HIGHTOWER Frank Johnson, died of cardiac arrest on Sunday, October 8, 2000.

He is survived by his wife, Dannie Bea James Hightower; two sons, Geoffrey Pearson Johnson Hightower and wife Mildred E. Farmer, Michael James Johnson Hightower and wife, Susan P. Jones; five grandchildren, Susan Barrett, William Johnson, Ashley James, Lindsay James, and Cody Dickson Hightower .

A Solemn Requiem Mass will be celebrated at St. Paul's Cathedral in the presence of the immediate family. Memorial contributions may be made to Casady School, 9500 North Pennsylvania, OKC 73156, St. Paul's Cathedral, 127 NW 7th Street, OKC 73102, or the Myriad Botanical Gardens, 100 Myriad Gardens, OKC 73102.

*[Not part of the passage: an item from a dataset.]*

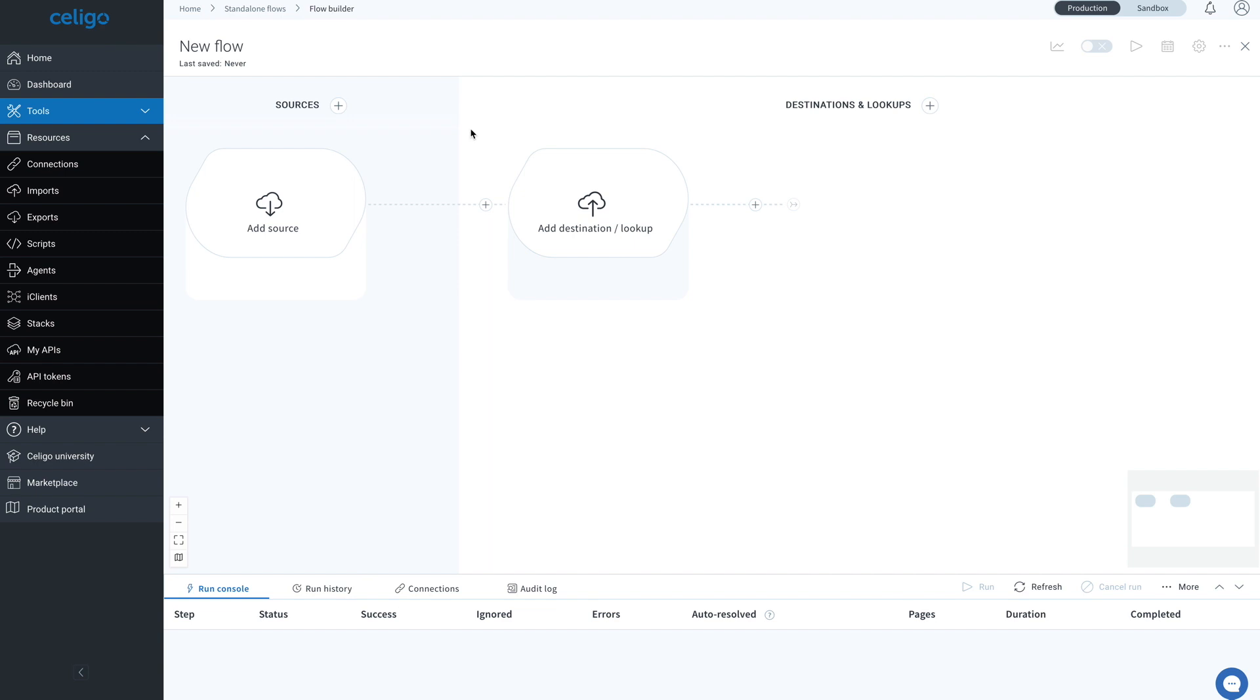Welcome to the Flow Builder. To create a flow, let's start by connecting your first application connection. For this example, we'll use NetSuite.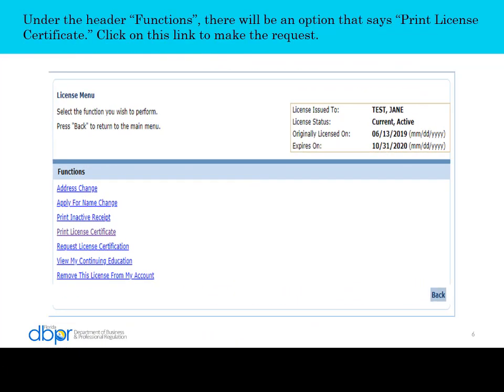Under the header Functions there will be an option that says Print License Certificate. Click on this link to make the request.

Civic leader Frank Johnson Hightower died at his home at 429 N.W. 16th. The Hightower home is on the Registry of Historic buildings. He died of cardiac arrest on Sunday, October 8, 2000 in Oklahoma City, Oklahoma. He was born in 1922 and was a prominent businessman who owned the historic downtown Hightower Building, which was built in 1928 by his grandfather, Frank P. Johnson. He is survived by his wife Dannie Bea James Hightower; two sons , Geoffrey Pearson Johnson Hightower and wife Mildred E. Farmer, Michael James Johnson Hightower and wife Susan P. Jones; five grandchildren, Susan Barrett, William Johnson, Ashley James, Lindsay James, and Cody Dickson Hightower. A Solemn Requiem Mass will be celebrated at St. Paul's Episcopal Cathedral in the presence of the immediate family. Memorial contributions may be made to Casady School, 9500 North Pennsylvania Avenue, OKC 73156. St. Paul's Cathedral, 127 N.W. 7th St, OKC 73102, or the Myriad Botanical Gardens, 100 Myriad Gardens, OKC 73102.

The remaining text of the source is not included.